The first case in which demurrage was allowed by this Court for
the detention of a ship under a libel for tortious seizure was that
of
The Apollon, 9
Wheat. 362, which was a suit brought by the master of a French ship
against the
Page 166 U. S. 126
collector of St. Mary's for damages occasioned by an illegal
seizure of the ship and cargo while lying within the territories of
the King of Spain. In this case, demurrage was allowed at the rate
of $40 per day, although the court had expressed its opinion that
the probable profits of a voyage, either upon the ship or cargo,
could not furnish any just basis for the compensation of damages,
the court observing that "every other method of adjusting
compensation" than that of demurrage "would be merely speculative,
and liable to the greatest uncertainties."
Smith v.
Condry, 1 How. 28, was a common law case wherein a
vessel laden with a cargo of salt received injury by a collision in
the port of Liverpoll. Upon the trial, plaintiffs offered to prove
that if the ship had been able to sail upon her voyage upon the day
named, she would in due course have arrived in Georgetown in time
for the sale of her cargo in the fishing season of the Potomac
River, when there was a great demand for salt; but, owing to the
delay, she did not arrive until the season was over, and thereby
lost ten cents per bushel upon the value of the salt. The court,
acting upon the analogy of insurance cases, held that this
testimony was properly refused admission. It is quite obvious,
however, that this was not a case where damages were claimed for
the use of the vessel pending her repairs, but for the loss of
anticipated profits pending the sale of her cargo, and therefore
falling within the rule stated in
The Apollon that profits
upon the sale of the cargo are excluded. There is no conflict
between this case and that of
Williamson v.
Barrett, 13 How. 101, wherein the Court held, upon
the authority of
The Gazelle, 2 W.Rob. 279, that the
plaintiffs were entitled to recover for the use of their boat, by
which
"we understand what she would have produced to the plaintiffs by
the hiring or chartering of her to run upon the river in the
business in which she had been usually engaged;"

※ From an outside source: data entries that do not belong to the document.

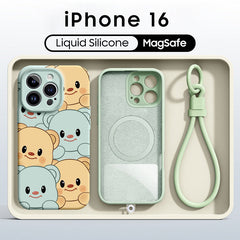 iPhone Lanyard Series | Butter Bear Liquid Silicone MagSafe Phone Case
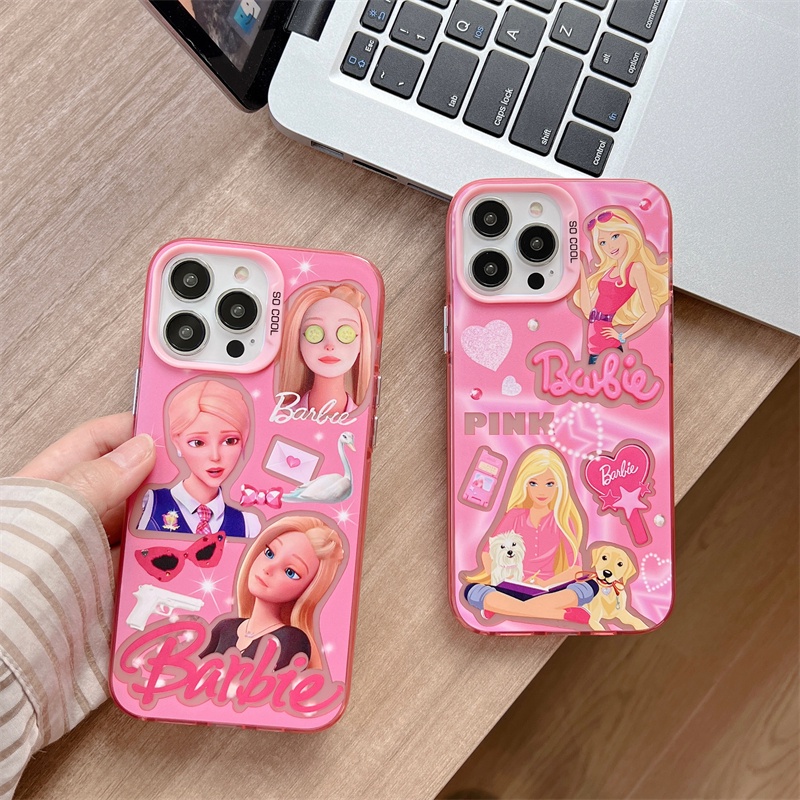 IPHONE Casing Ponsel Motif Barbie Untuk Iphone14 13 12 11 Pro Max Casing Pelindung Plating Pink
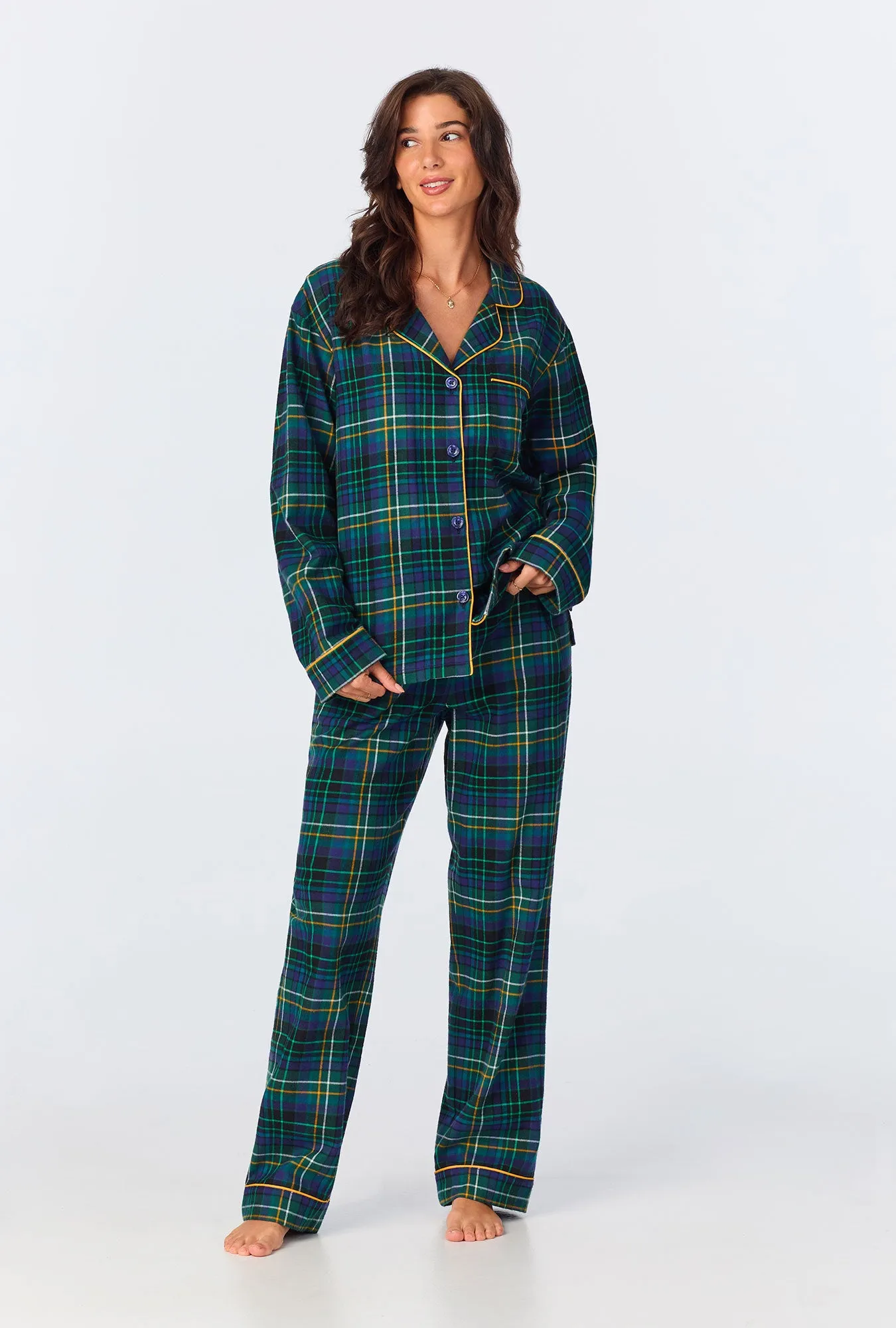 Celebration Plaid Long Sleeve Classic Woven Portuguese Flannel PJ Set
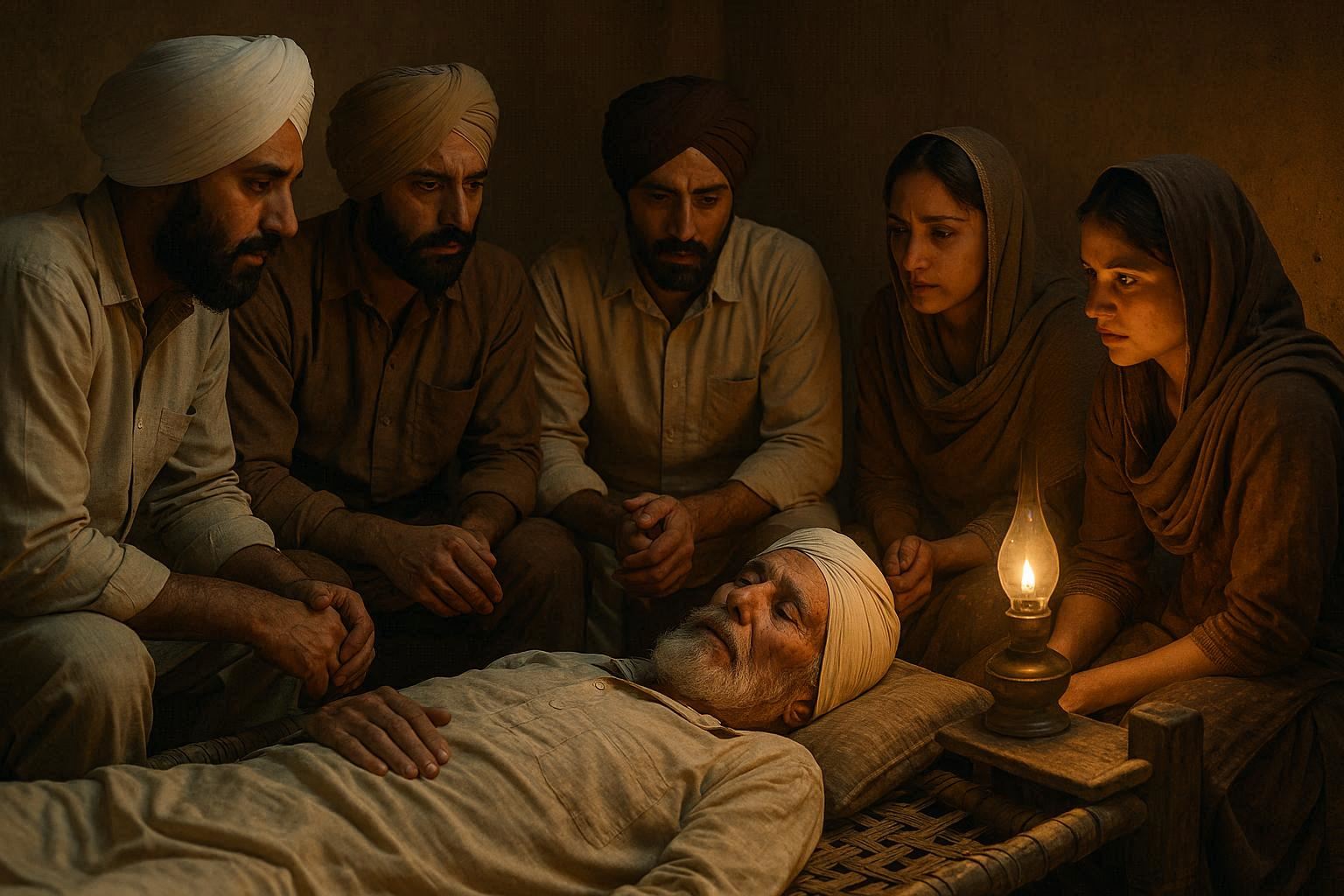 The old man lying on his deathbed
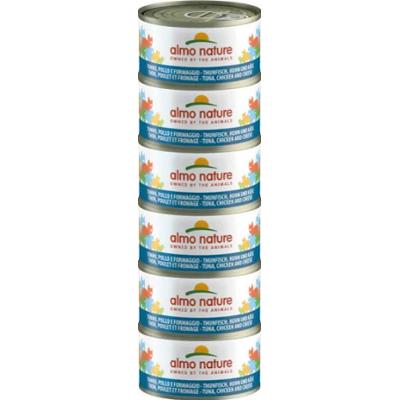 Almo Nature Megapack Tuńczyka, Kurczaka i Sera - 6X70Gr
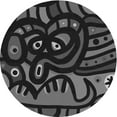 thumbnail image 1 of Ahgly Company Indoor Round Patterned Midnight Gray Area Rugs, 6' Round, 1 of 6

in other words, the market price of the hire of the vessel. This
ruling has been repeatedly affirmed in this Court,
The
Potomac, 105 U. S. 630; in
England,
The Betsey Caines, 2 Haggard 28;
The
Inflexible, Swabey 200;
The Star of India, 1
Page 166 U. S. 127
P.D. 466;
The City of Buenos Ayres, 1 Asp.Mar.L.C. 169,
and in France,
Sibille, De l'Abordage, sec, 411;
De
Fresquet, Des Abordages, pp. 48-49;
Caumont,
Dict.Mar. Title Abordage, sec. 224.
The difficulty is in determining when the vessel has lost
profits, and the amount thereof. The best evidence of damage
suffered by detention is the sum for which vessels of the same size
and class can be chartered in the market. Obviously, however, this
criterion cannot be often applied, as it is only in the larger
ports that there can be said to be a market price for the use of
vessels, particularly if there be any peculiarity in their
construction which limits their employment to a single purpose.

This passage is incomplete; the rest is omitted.